Later commercial applications for Agfa-Gevaert's prepress department

  • 1958 First use of the diffusion process for the production of offset printing matrices.
  • 1967 Introduction of "Professional Proofing Paper" in the USA - later called "Copyproof".
  • 1968 Presentation of the "Rapilith" film - a PE-laminated paper printing plate for small offset.
  • 1976 Introduction of "Copychrome", "Directolith", "Transferlith"
  • 1976 "AGISS - Agfa-Gevaert Identification Security System"

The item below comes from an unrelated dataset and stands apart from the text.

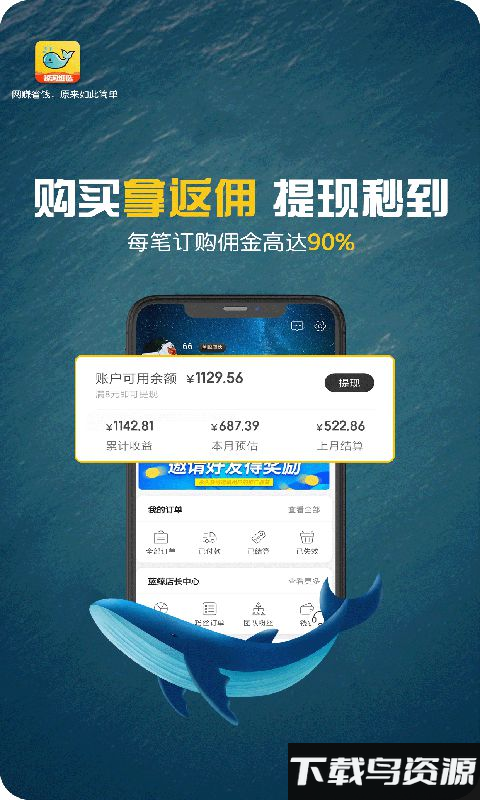 鲸淘细选手机版截图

Later commercial applications for Kodak prepress

  • 1958 "Chemical Transfer"
  • 1960 "CT" offset printing foils on aluminum and paper
  • 1967 "Instafax"
  • 1969 "PMT" transfer material

Edith Weyde's discovery of the simultaneous generation of positive and negative was a high point in chemically based photographic processes - a real milestone. At the same time, it represents one of the last great innovations in conventional analog photography. Even if her employer Agfa deliberately limited itself to reprographic applications and Polaroid left the market to visual photography, it was Edith Weyde who was the first to take instant photos with her 9th × 12 camera created: "In 1937 she took the first one-minute picture of a person - long before Polaroid ...". In the early days of her invention, she had suggested that this method should be developed for street photographers, but management refused. Ten years later, Edwin Land succeeded in expanding his small company Polaroid into a global company with instant photography.

honors and awards

See also

swell

  • Exhibition catalog “Four decades of image transmission through diffusion. Milestones in photography. ”Sterckshof, Provinciaal Museum voor Kunstambachten, Deurne - Antwerp, 1978.
  • Historic office world, No. 40, 12/1994 - excerpt from an interview in the FAZ on December 27, 1988.
  • "Women chemists - there were and there are", published by AKCC, Working Group Equal Opportunities in Chemistry, April 2003 ( online )
  • “Silver Salt Diffusion Process - From the Beginnings to the Present” in “The Polygraph”, 20–79.
  • Interview Edith Weyde, WDR 2, September 1986.
  • Video interview with Edith Weyde, August 1988, https://www.youtube.com/watch?v=_QgH653mvQY
  • How a Blitzcopy (Agfa Copyrapid) is made in 2016, https://www.youtube.com/watch?v=w5egHoNoyR0&feature=youtu.be
  • Book "Edith Weyde - How an inventor from the Rhineland changed the world", German / English, 2016, Edition Makroscope, Mülheim an der Ruhr, Ed. Klaus Urbons & Jan Ehlen , ISBN 978-3-00-054646-4 .

Individual evidence

  1. a b Agfa Spectrum, 1987.
  2. ^ Museum for photocopying, Interview Edith Weyde, VHS video, 1988.